On 1 April 2010, the army reserve service battalions were modernized and aligned to represent the brigade group they were part of and to which they provide the combat service support (logistic and maintenance). Though the number of units was reduced from 19 to 10, the overall strength increased in-line with their role, the provision of combat support, logistic and maintenance resources to their respective brigade groups.

===Reserve Force===
- 31 Canadian Brigade Group London, Ontario
  - 31 Service Battalion, amalgamation of the 21 (Windsor), 22 (London), and 23 (Hamilton) service battalions
- 32 Canadian Brigade Group, Toronto, (Ontario)
  - 32 Service Battalion, former 25 (Toronto) Service Battalion
- 33 Canadian Brigade Group, Ottawa, (Ontario)
  - 33 Service Battalion, amalgamation of the 26 (North Bay) and 28 (Ottawa) service battalions
- 34 Canadian Brigade Group, Montreal, (Quebec)
  - 34 Service Battalion, former 51 (Montreal) Service Battalion
- 35 Canadian Brigade Group, Quebec City, (Quebec)
  - 35 Service Battalion, amalgamation of the 52 (Sherbrooke) and 55 (Quebec City) service battalions
- 36 Canadian Brigade Group, Halifax, (Nova Scotia)
  - 36 Service Battalion, amalgamation of the 33 (Halifax) and 35 (Sydney) service battalions
- 37 Canadian Brigade Group, Moncton, (New Brunswick)
  - 37 Service Battalion, amalgamation of the 31 (Saint John), 32 (Moncton), and 36 (Newfoundland) service battalions
- 38 Canadian Brigade Group, Winnipeg, (Manitoba)
  - 38 Service Battalion, amalgamation of the 16 (Saskatchewan), 17 (Winnipeg), and 18 (Thunder Bay) service battalions
- 39 Canadian Brigade Group, Vancouver, (British Columbia)
  - 39 Service Battalion, amalgamation of 11 (Victoria) Service Battalion and 12 (Vancouver) Service Battalion
- 41 Canadian Brigade Group, Calgary, (Alberta)
  - 41 Service Battalion, amalgamation of 14 (Calgary) Service Battalion and 15 (Edmonton) Service Battalion

==Operational employment==
Although Canadian service battalions were a product of the Cold War and were expected to operate as complete units in support of Canadian Army brigades and brigade groups in the field, since the September 11 terrorist attacks, the non-linear battlefield has meant a shift towards the provision of service support to ongoing operations, e.g. in Afghanistan being provided by National Support Elements, tailored to the task at hand and not necessarily formed of just one service battalion.

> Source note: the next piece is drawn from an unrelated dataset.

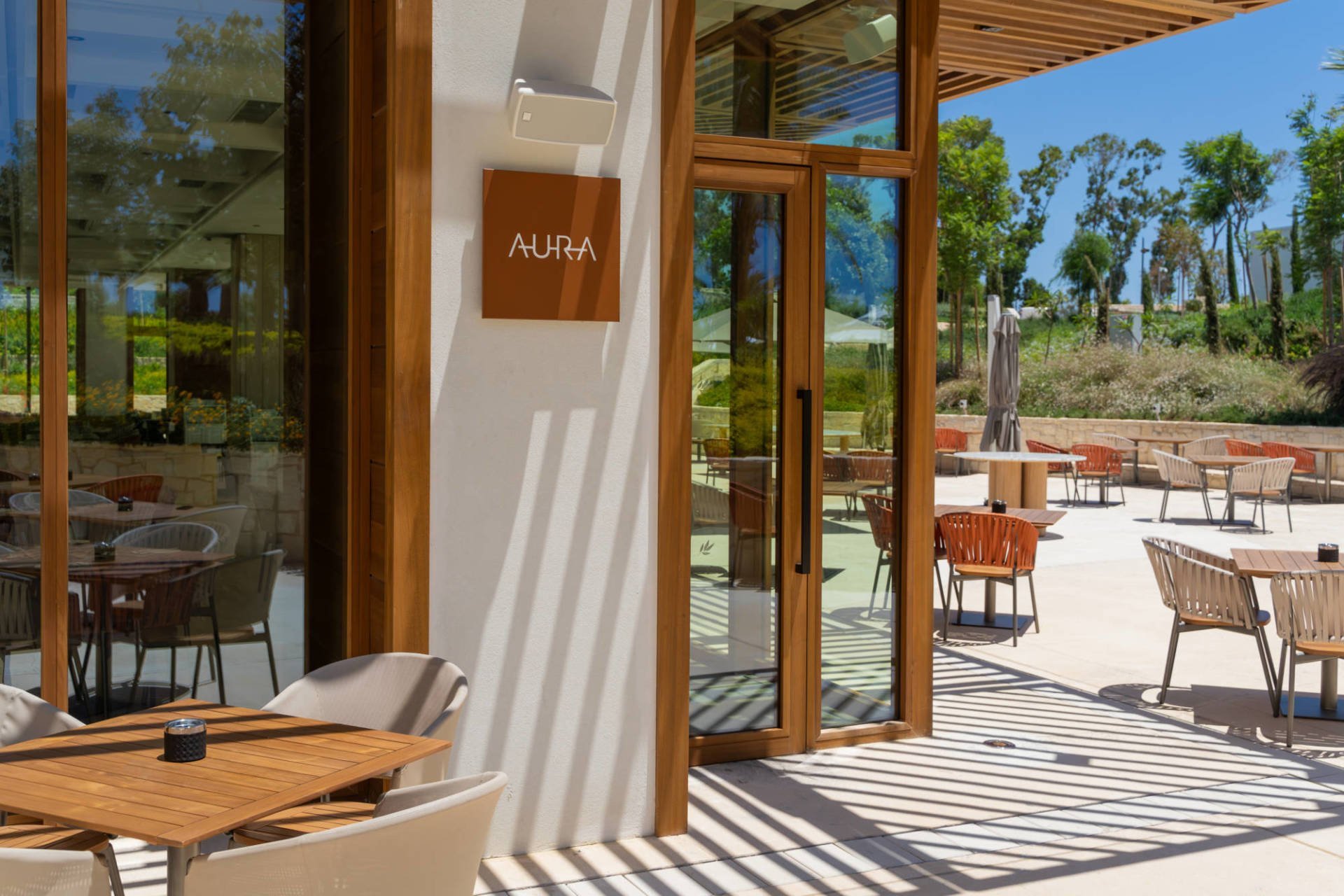 Aura 1
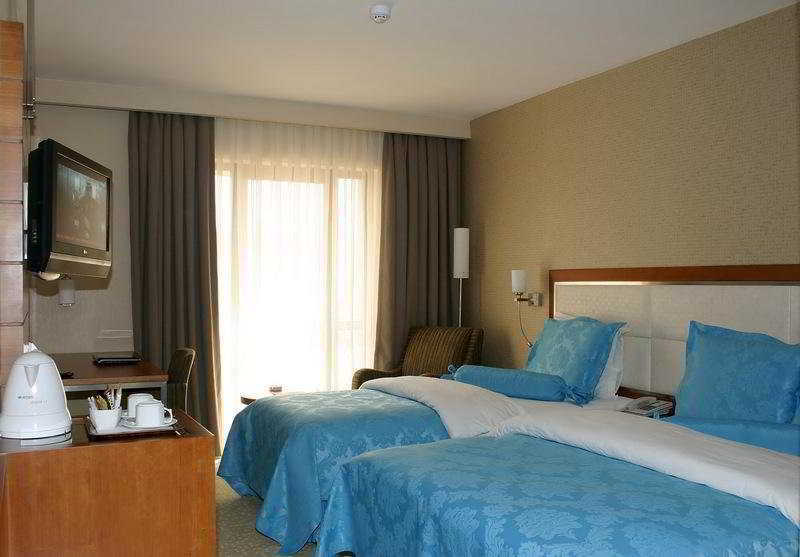 Houston 4*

Service battalions are now thus largely force-generation units, and provide essential support in garrison.

LCol John Conrad bleakly described the evolution of Canadian logistics in his book, What the Thunder Said: Reflections of a Canadian Officer in Kandahar. He deployed to Afghanistan with an establishment capped at 300 all-ranks that almost failed to fuel, fix and feed troops during Operation Medusa in the summer of 2006. The doctrine, he describes, was unprepared for the intensity of mobile 360° warfare. At one point the planners lost count of LAV III cannon ammunition just as the battle group was firing much more ammunition than any calculation tables predicted. He also wrote about his own command group hitting an improvised explosive device west of Kandahar City, conducted the response drills then summoning his administration clerk with mock gravity to draft CF52 General Allowance Claim to replace the underwear he soiled. Conrad's book is a surprising but rare glimpse inside the logistics function in battle.